*Work instruction*. Could you set down every entry exactly as it stands, without the images?

━━ Study material ━━

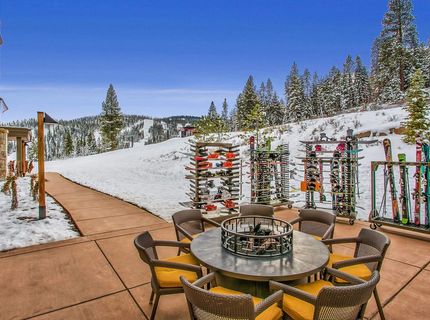 13051 Ritz-carlton Highlands Dr, Truckee, CA 96161 Photo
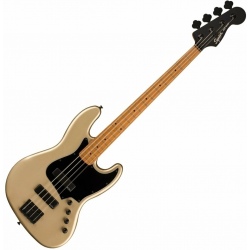 FENDER SQUIER CONTEMPORARY...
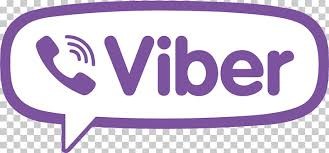 viber-j-1588746359.jpg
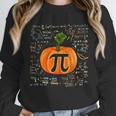 Pumpkin Pi Math Teacher Halloween Pumpkin Pi Unisex Sweatshirt, novelty gifts, funny gifts Pumpkin Pi Math Teacher Halloween Pumpkin Pi Unisex Sweatshirt, novelty gifts, funny gifts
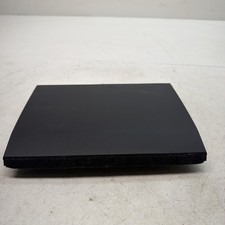 HONDA CR-V DASHBOARD TRIM COVER PANEL 2006 TO 2009 77260-SWA-A0 MK3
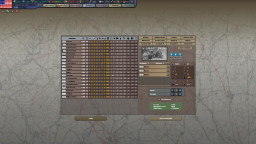 Hearts of Iron III Collection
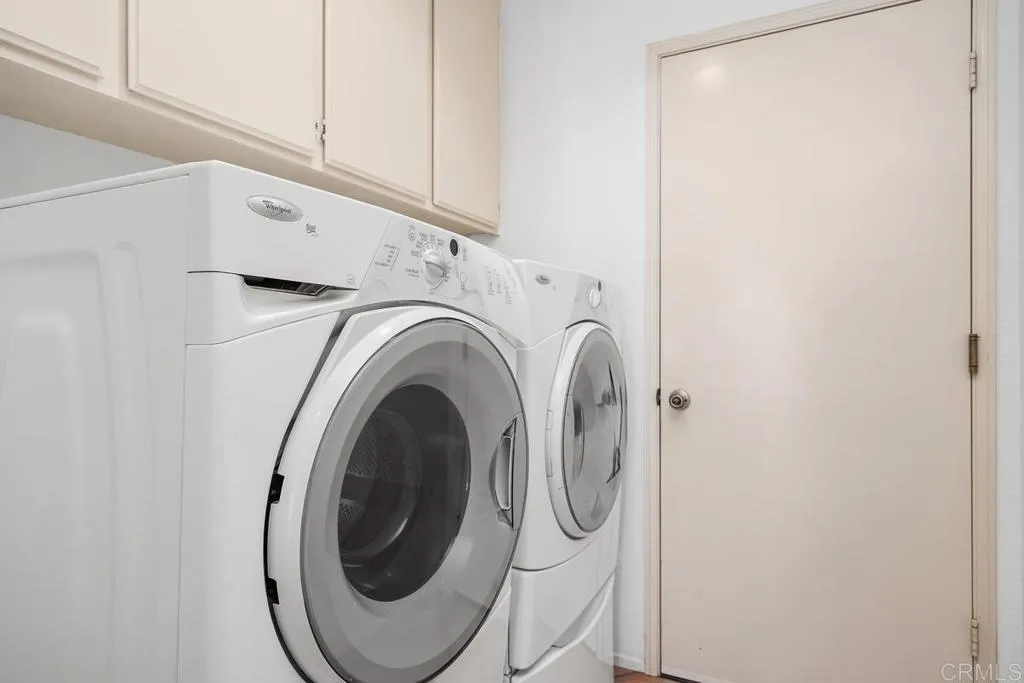 https://cdn.realtyfeed.com/cdn/127/306518102/10796e4d4d324f19699a73afb58b74d4.webp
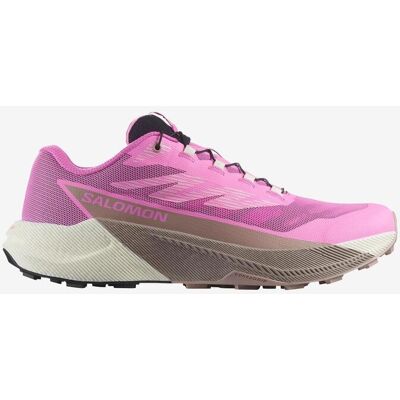 Salomon Pulsar Schuhe rosa gold damen - 44 female Salomon Pulsar Schuhe rosa gold damen - 44 female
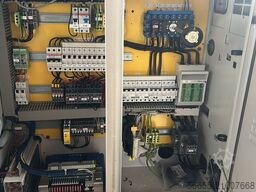 Arburg 370 C 800-100 207159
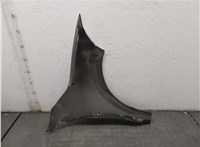 Крыло Renault Megane 3 2009-2016 20587252 #9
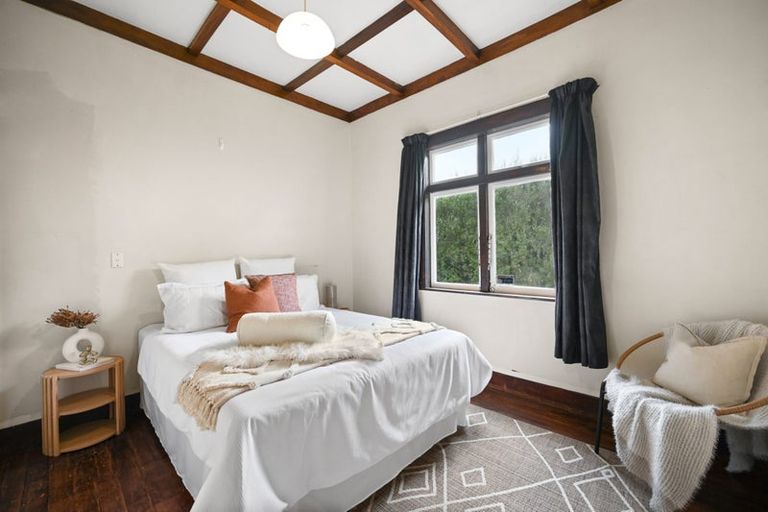 Photo of property in 119 Galloway Street, Hamilton East, Hamilton, 3216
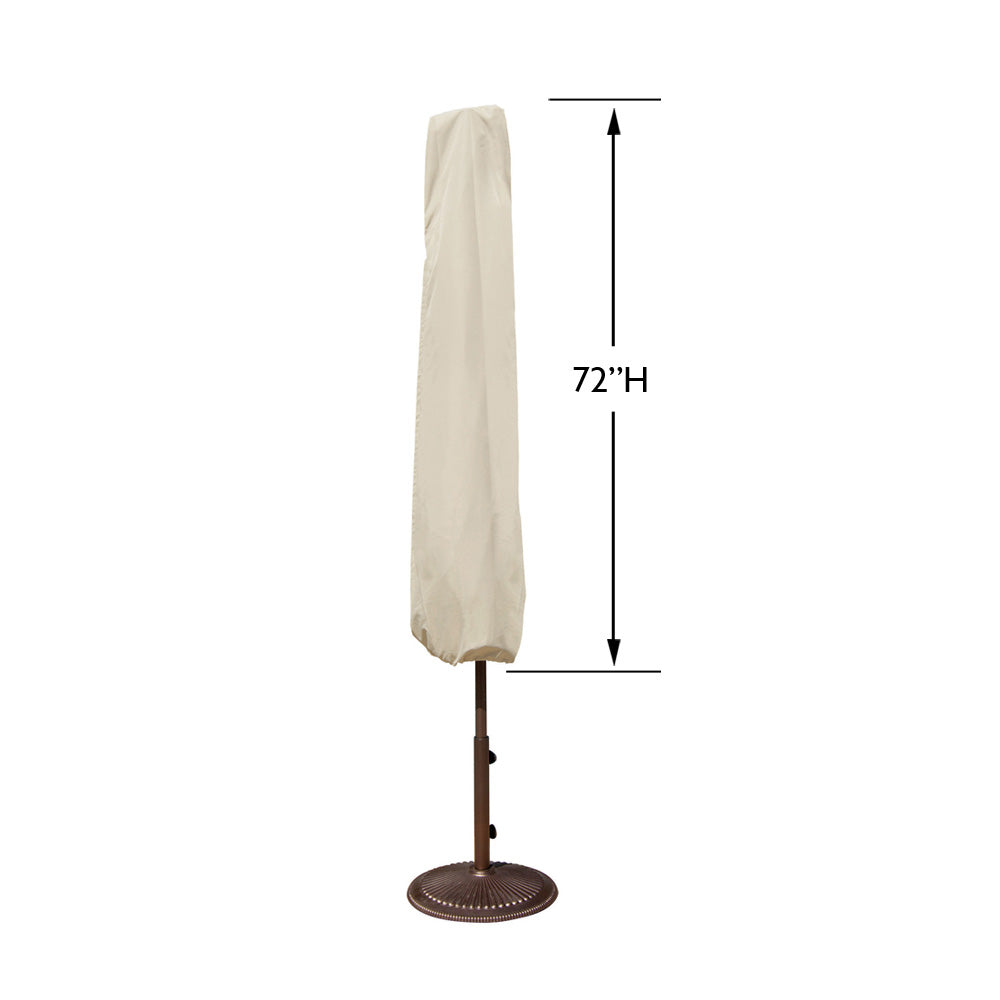 CP902 - X-Large Umbrella Cover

━━━

*Reply to the task*.
 13051 Ritz-carlton Highlands Dr, Truckee, CA 96161 Photo
 FENDER SQUIER CONTEMPORARY...
 viber-j-1588746359.jpg
 Pumpkin Pi Math Teacher Halloween Pumpkin Pi Unisex Sweatshirt, novelty gifts, funny gifts Pumpkin Pi Math Teacher Halloween Pumpkin Pi Unisex Sweatshirt, novelty gifts, funny gifts
 HONDA CR-V DASHBOARD TRIM COVER PANEL 2006 TO 2009 77260-SWA-A0 MK3
 Hearts of Iron III Collection
 https://cdn.realtyfeed.com/cdn/127/306518102/10796e4d4d324f19699a73afb58b74d4.webp
 Salomon Pulsar Schuhe rosa gold damen - 44 female Salomon Pulsar Schuhe rosa gold damen - 44 female
 Arburg 370 C 800-100 207159
 Крыло Renault Megane 3 2009-2016 20587252 #9
 Photo of property in 119 Galloway Street, Hamilton East, Hamilton, 3216
 CP902 - X-Large Umbrella Cover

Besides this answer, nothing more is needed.